Ainsi, un document non signé mais qui émanerait de Luca de Meo, patron de Renault et président de l’Association des constructeurs européens d’automobiles (ACEA) à l’attention de Bruxelles, demande un report du durcissement des règles à 2027.

Mais tous ne sont pas de cet avis. C’est notamment le cas de Carlos Tavares, le dirigeant du groupe Stellantis. Cité par le site américain Bloomberg, ce dernier a montré sa vive opposition à son homologue de la marque au losange. Pour lui, « il serait surréaliste de changer maintenant les règles ». Il explique que « tout le monde connaît les règles depuis longtemps, tout le monde a eu le temps de se préparer, et donc maintenant on fait la course ».

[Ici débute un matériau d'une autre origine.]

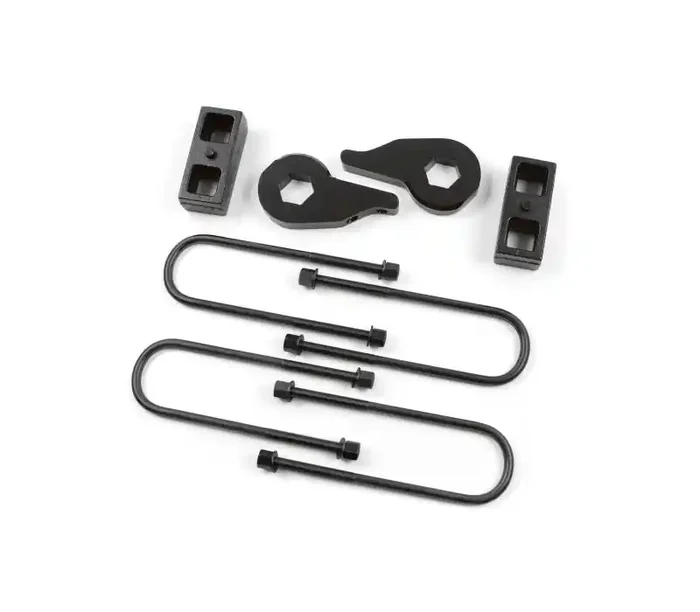 Zone Offroad 02-05 Dodge 1500 2in Lift Kit ZOND1210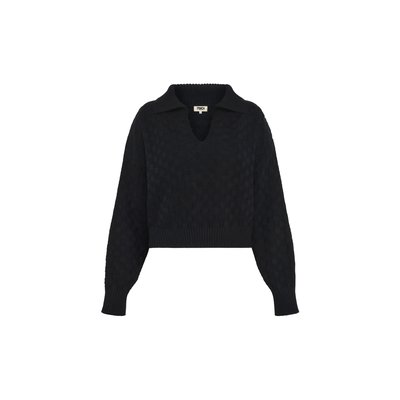 Pull  en coton PAULIA FRNCH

Des situations bien différentes

La position de l’homme d’affaires peut sembler très surprenante, quand on sait à quel point ce dernier a pris la parole pour s’opposer à la marche forcée vers le tout électrique au cours des dernières années. Mais malgré la baisse des bénéfices du groupe et les difficultés liés aux ventes en baisse de la Fiat 500e et aux livraisons de la Citroën ë-C3, Carlos Tavares est très confiant. Il estime pouvoir tenir les objectifs, notamment grâce au développement de sa gamme électrique « abordable » : l’ë-C3, mais aussi la Fiat Grande Panda ou le duo Citroën ë-C3 Aircross / Opel Frontera Electric.

Tout n’est pas rose non plus du côté de chez Renault, qui semble réellement craindre de ne pas être en mesure d’atteindre les objectifs fixés par l’Union Européenne. En effet, le constructeur misait beaucoup sur le succès de sa petite Dacia Spring, dont les ventes ont fortement chuté avec la suppression du bonus écologique du fait de sa production en Chine. De plus, la Mégane E-Tech se vend assez moyennement, une baisse cependant compensée par le succès du Scénic E-Tech. Ce dernier s’est placé sur la 3ᵉ marche du podium en France en août.

Luca de Meo, PDG de Renault aux côtés de la Renault 5 E-Tech

De fait, Luca de Meo menace : en reprenant le mix de 2024, il faudrait baisser la production de plus de 2,5 millions de voitures thermiques pour atteindre les objectifs CAFE 2025, au risque de devoir payer plus de 13 milliards d’euros d’amende.

La firme au losange espère cependant pouvoir compter sur sa R5 E-Tech, qui démarre à 25 000 euros et qui devrait rencontrer un franc succès grâce notamment à son style rétro, pour remonter la pente. Le constructeur prépare également le lancement de sa Renault 4 E-Tech, que nous devrions découvrir lors du prochain Mondial de l’auto de Paris qui ouvrira ses portes le mois prochain, avant la présentation de la Twingo électrique, promise à 20 000 euros hors subventions, qui devrait arriver en 2026.